Edit the Schema With Prompts

Generating the first schema is only the start. Real schema work usually becomes iterative within the first review cycle.

The ADE Build Extract Schema API supports prompt-based schema editing for exactly that loop. Pass the existing schema back in, describe what should change, and use a few representative invoices when the new field is expressed differently across suppliers. The result is a revised schema that stays grounded in the same invoice distribution instead of drifting into ad hoc prompt logic.

For example, say you're processing invoices across 30 suppliers in an accounts payable workflow. You start by describing what you need:

"For each invoice, extract the vendor name, invoice number, line items with quantities and unit prices, payment terms, and tax breakdown by jurisdiction."

The API generates a schema from that prompt. Then you refine it in plain language:

"Split the tax field into federal and state components. Add a boolean for whether early payment discount is offered, and capture the PO number if present."

The schema updates. No manual JSON editing.

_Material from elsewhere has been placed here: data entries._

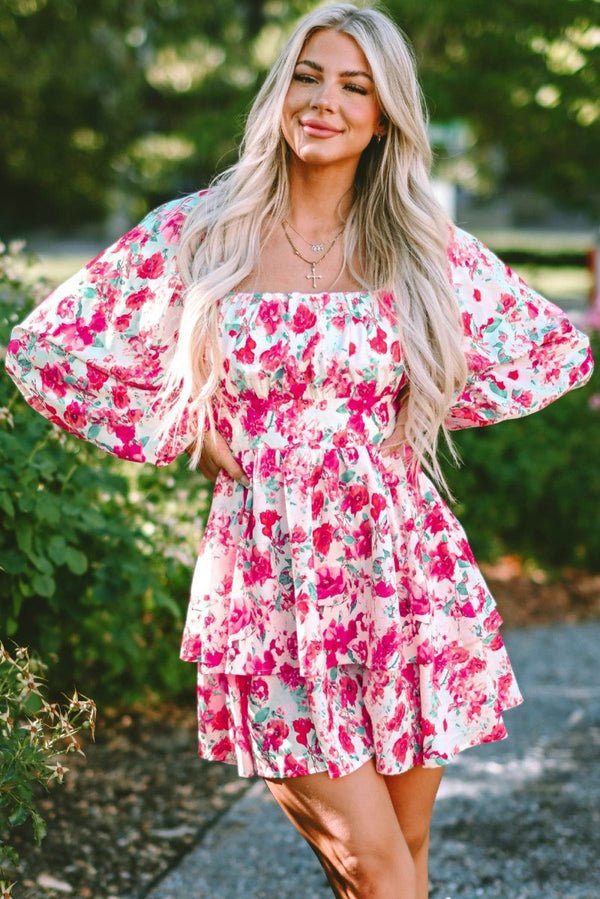 Sahana Ruffle Tiered High Waist Puff Sleeve Floral Dress - Rebel Nomad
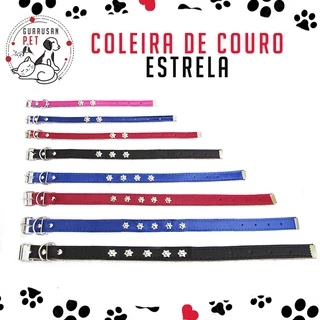 Coleira de Couro Ajustável estrela com Fivela para Cachorro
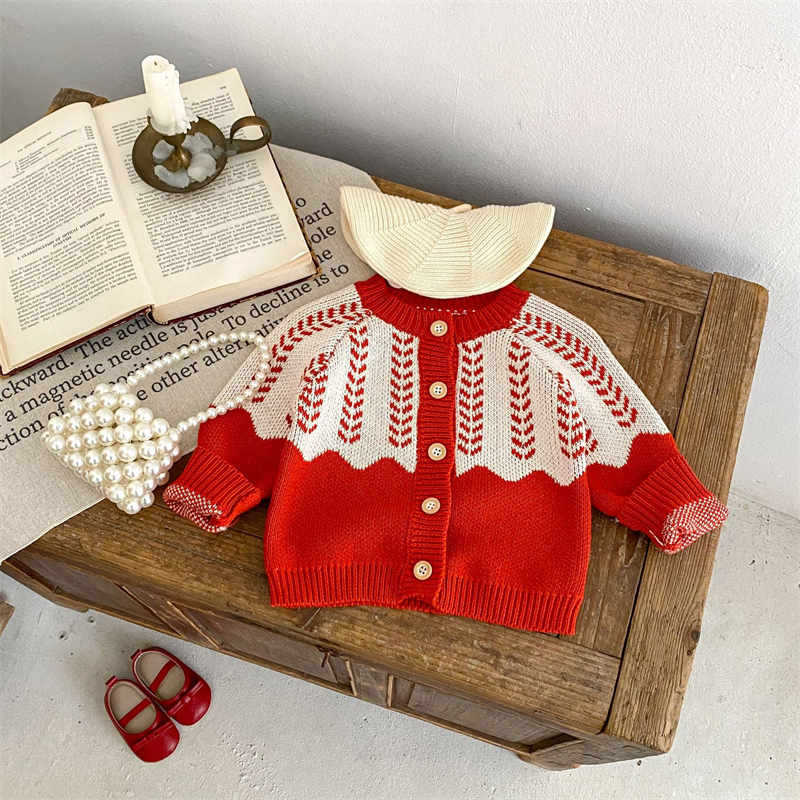 Red Jacquard Sweater for Babies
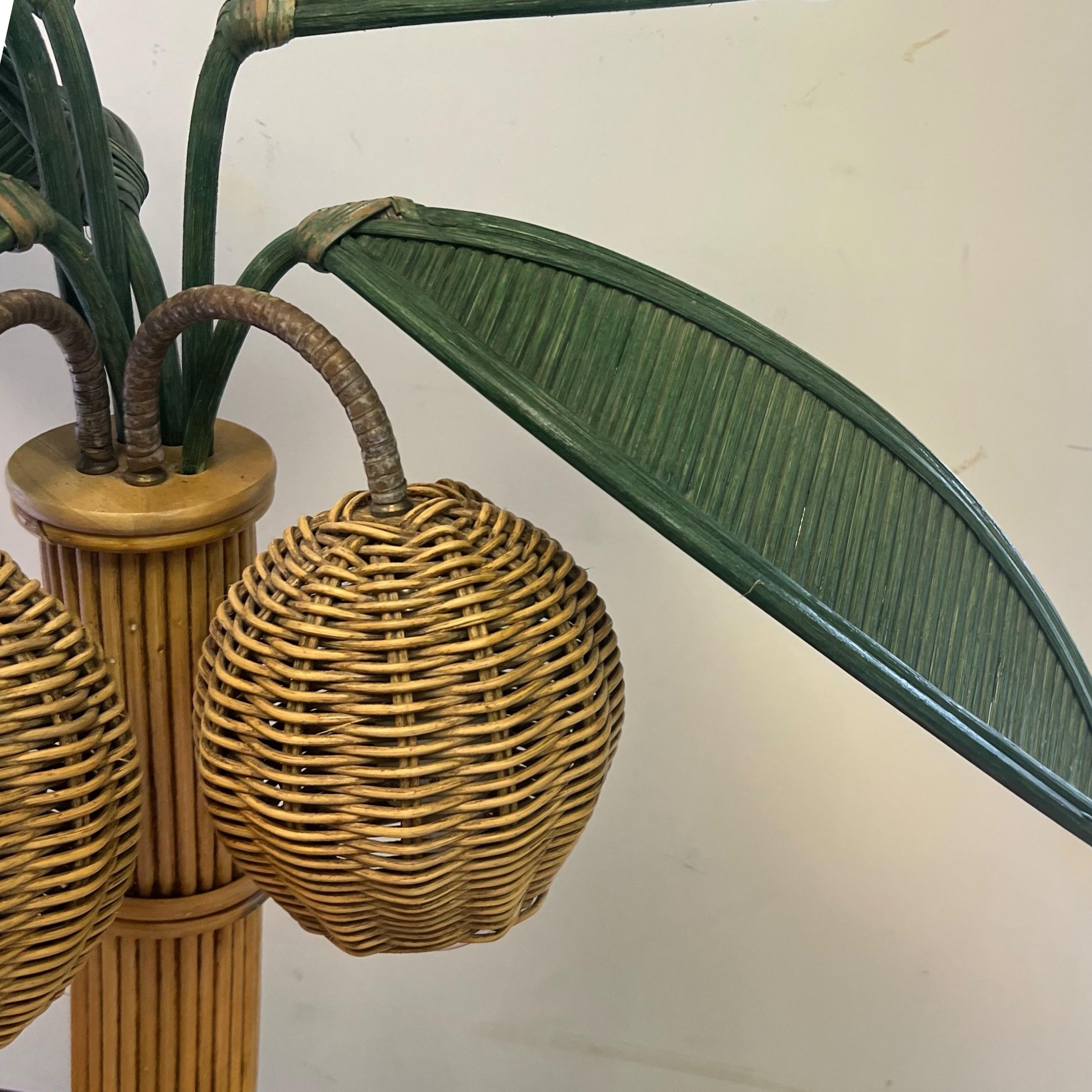 Attributed Mario Lopez Torres Palm Tree Table Lamp In Good Condition For Sale In Charleston, SC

You iterate until the structure matches what your AP pipeline actually needs.

What to Include in the Schema

A useful schema needs more than field names.

In practice, the schema has to include enough semantic context to stay stable when documents vary:

  • Descriptions so the field means more than a literal label match. So net_amount knows to exclude tax, fees, and restocking charges — not just match the closest label

  • Data types so downstream handling stays predictable

  • Alternative names so early_payment_discount can match "2/10 Net 30" and "settlement discount" — terms that share no surface similarity with the field name

  • Formatting guidance so extracted values come back in a consistent form

That last point matters more than it looks. When invoice dates, amounts, and units come back in inconsistent formats, developers end up writing normalization code after the model. The ADE Build Extract Schema API pushes more of that expectation into the schema itself, closer to the document context where it is easier to enforce consistently.

Schema field details

Use New Documents to Catch Drift and Propose Updates

Supplier variation is one kind of problem. Supplier change over time is another.

An invoice template that worked last quarter may not work next quarter. A supplier can rename a field, split one column into two, or add a new charge section without warning. If the schema does not move with that change, extraction starts failing quietly.

This is where the same schema building workflow becomes a maintenance tool. Feed the new invoices, the existing schema, and a prompt into the API. The system returns a revised schema. That gives developers a cleaner loop for handling drift than manually diffing raw JSON or discovering a break later in downstream validation.

Schema drift detection

Why This Matters for Enterprise Developers

For enterprise developers, the payoff is straightforward:

  • Less schema churn as supplier formats change

  • Faster schema edits when a prompt can describe the change directly

  • Clearer schema lifecycle when revisions are kept as versions

  • Less downstream cleanup when formatting is specified up front

  • Easier migration if you already have a schema

In other words, the problem is not just reading one invoice. It is keeping the extraction contract stable as the invoice set grows.

How to Start

For the end-to-end invoice walkthrough, see Introducing the ADE Extract API.

Do not start with the cleanest invoice in the set. Start with a small batch that reflects the actual supplier variation you expect in production.

Generate your first schema. Inspect the alternative names, descriptions, field types, and formatting guidance. Then add the invoice that currently causes the most manual cleanup and iterate from there. That is the loop that tells you whether the schema will hold up in production.

Once that works, test one change event, not just one happy path. Use a newer supplier revision, prompt-edit the existing schema, and review the updated version. That tells you whether the workflow can survive drift, not just generate a nice first draft.

The main shift is simple: schema definition stops being a brittle prerequisite and becomes part of the extraction development loop.